The Meaning of the Journey

all aboard nc – first journey poem 1

Passenger rail has always been about more than transportation. It connects people to places, communities to opportunity, and generations to experiences they’ll never forget.

We were deeply moved when a friend of All Aboard NC shared this poem inspired by his son’s first train ride through North Carolina. In just a few stanzas, it captures the sense of wonder, freedom, and possibility that rail travel can inspire.


First Journey

The horn calls out and echoes down the track,
Young Charlie grips the seat with eager hands,
The silver cars lurch forward, then lean back,
As humming wheels roll over iron lands.

From Raleigh’s station, bright with sunny light,
He watches as the city slowly thins,
Then Cary slides beneath the afternoon’s white
Wide sky — and so the wider world begins.

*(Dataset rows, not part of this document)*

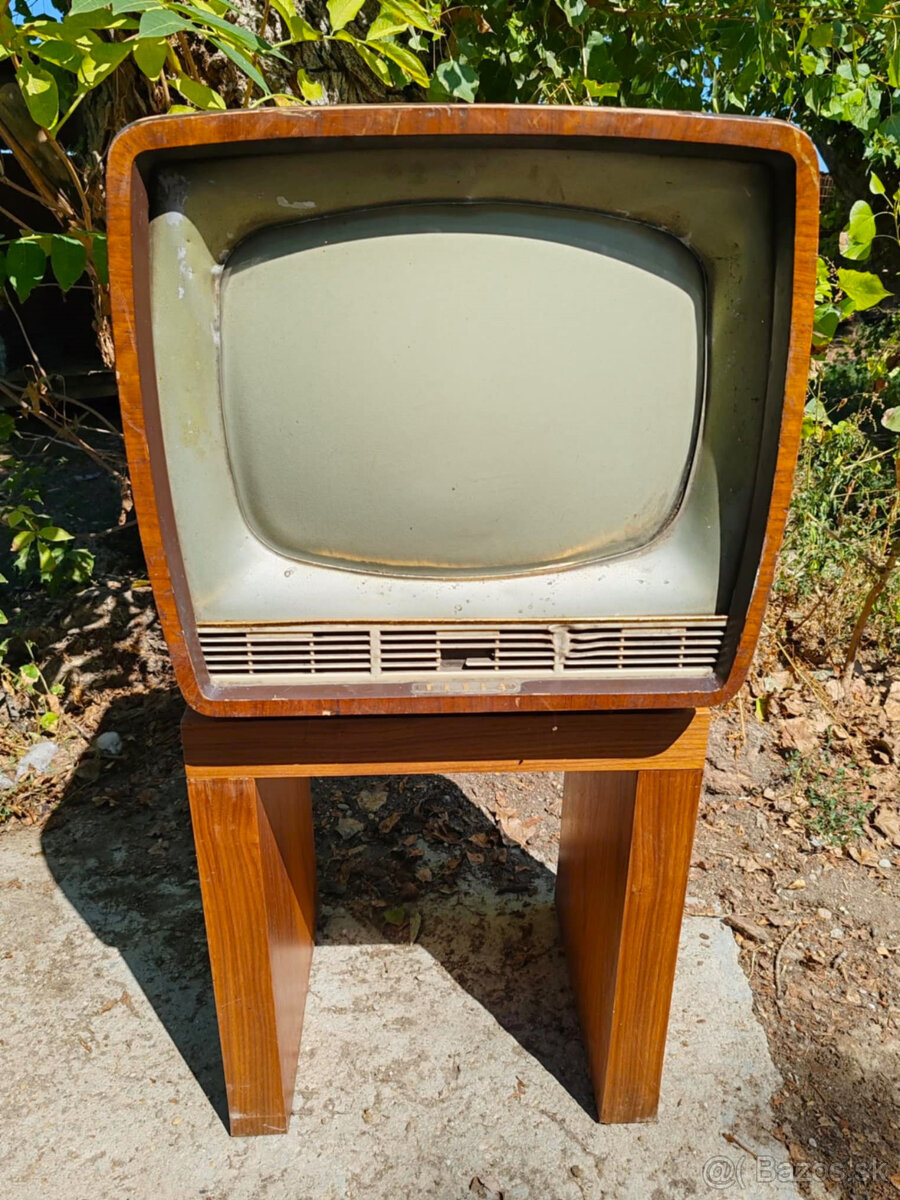 Retro TV Tesla 106U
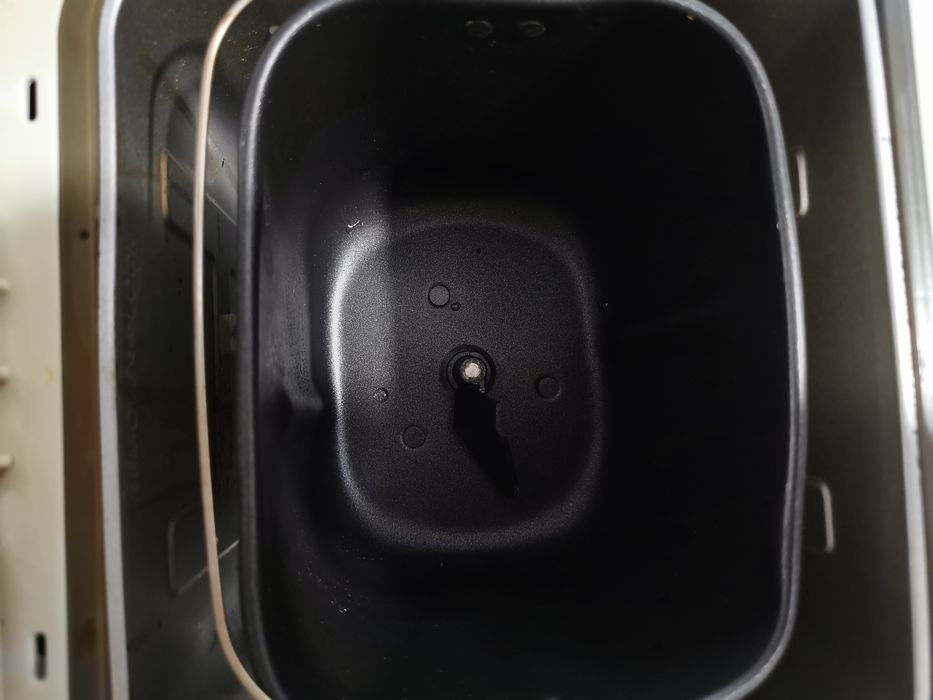 Aparat de facut pâine HEINNER HBM-690W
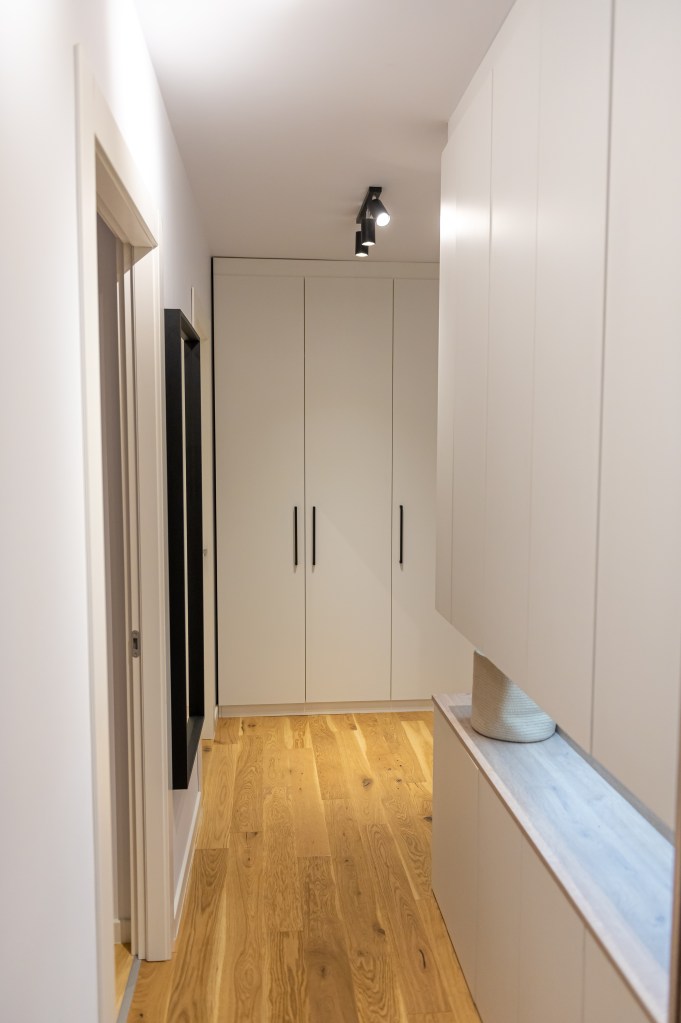 mobilă hol apartament cu două camere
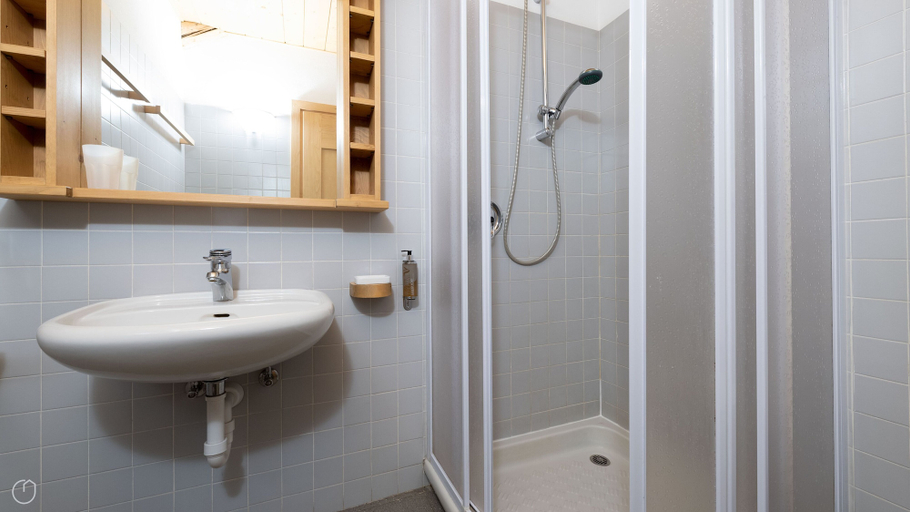 Bathroom 4, Andreola 1, Sondrio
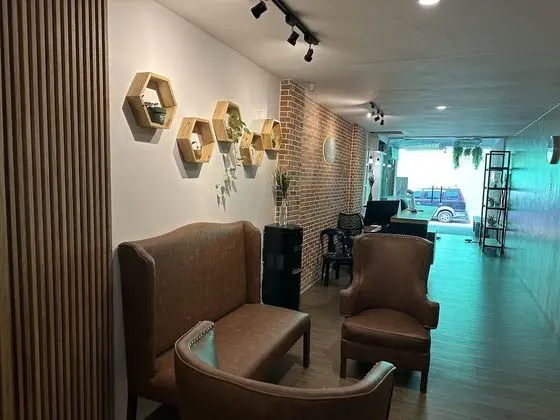 Aden Hotel - Lobi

The red clay fields and farmhouses blur and race,
The cows stand still as if they’ve turned to stone,
A grin spreads wide across his joyful face—
He’s seven years old, and brave, and almost grown.

He counts the telephone poles as they fly,
And Durham’s rooftops flicker, fade, and fall,
He presses his small forehead to the sky-
Bright glass and tries to memorize it all.

In Burlington he spots a boy his age,
Who waves from where he stands beside the track,
Charlie raises his hand like some small sage
Of travel, and he proudly waves him back.

At last the brakes sigh soft along the bend,
As Greensboro’s grand station comes in view,
He tugs his father’s sleeve — “Can this not end?”
For he already loved what trains could do.